El inicio del mensaje de consolación del profeta Isaías en el capítulo cuarenta de su libro, es el marco de referencia para este incipiente mensajero en un lugar inhóspito. ¿A quién le gusta predicar en el desierto?, donde no existen condiciones favorables, donde el territorio es hostil y la audiencia insensible. Sólo un hombre o mujer enviados de Dios pueden hacerlo.
El mensaje de Juan el Bautista es crudo e hiriente, pero como este mensaje no proviene de su intelecto ni de sus emociones, sino de su mismo corazón y de la palabra de Dios, se puede leer el efecto causado en las multitudes que acudían a escucharle.
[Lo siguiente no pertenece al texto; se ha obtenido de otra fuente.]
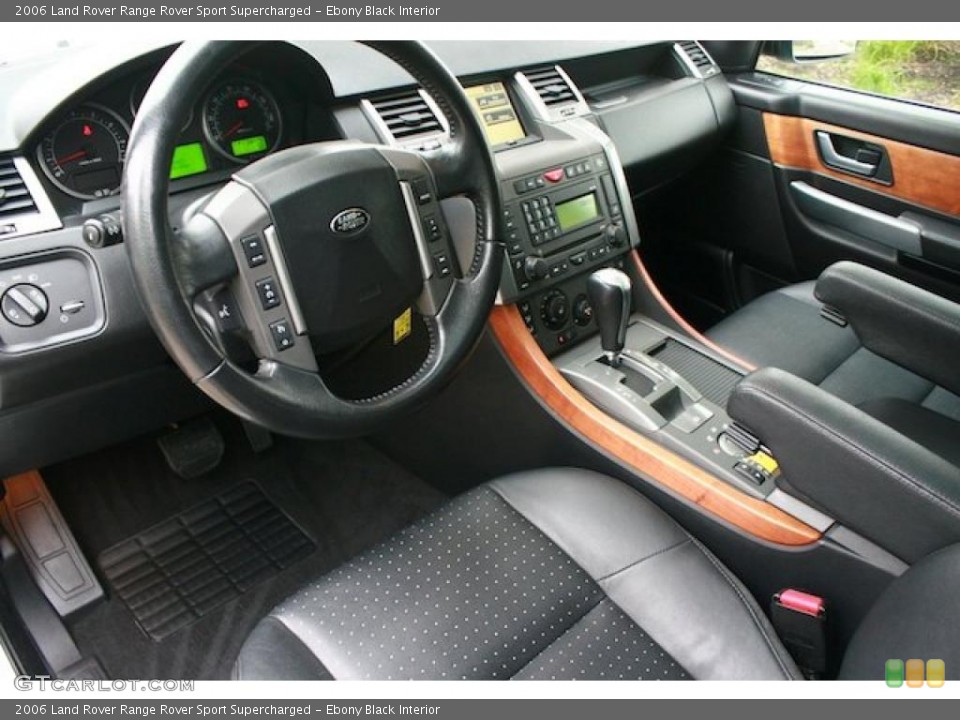 Ebony Black Interior Prime Interior for the 2006 Land Rover Range Rover Sport Supercharged #42827602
El Espíritu de Dios se movía con poder en las conciencias de todos los estratos sociales.
Para Meditar: El apóstol Pablo enfatizaría años después la consigna: “Te encarezco delante de Dios y del Señor Jesucristo, que juzgará a los vivos y a los muertos en su manifestación y en su reino, que prediques la palabra; que instes a tiempo y fuera de tiempo; redarguye, reprende, exhorta con toda paciencia y doctrina. Porque vendrá tiempo cuando no sufrirán la sana doctrina, sino que, teniendo comezón de oír, se amontonarán maestros conforme a sus propias concupiscencias, y apartarán de la verdad el oído y se volverán a las fábulas. Pero tú sé sobrio en todo, soporta las aflicciones, haz obra de evangelista, cumple tu ministerio” (2 Ti 4:1-5).
Sin duda Juan el Bautista fue el que inauguró este tipo de ministerio. Hacía cientos de años que no se escuchaba un “así dice el Señor”, de repente aparece este predicador con un mensaje profético lleno de poder y en un entorno totalmente diferente al acostumbrado, no el palacio del sumo sacerdote, ni el majestuoso templo de Jerusalén y desde luego, tampoco en una sinagoga. A este insigne predicador no le cedían los púlpitos en tan bellos lugares, Dios le había preparado un púlpito diferente y adecuado a su mensaje: el desierto de Judea, contiguo al Jordán, descendiendo de Jerusalén.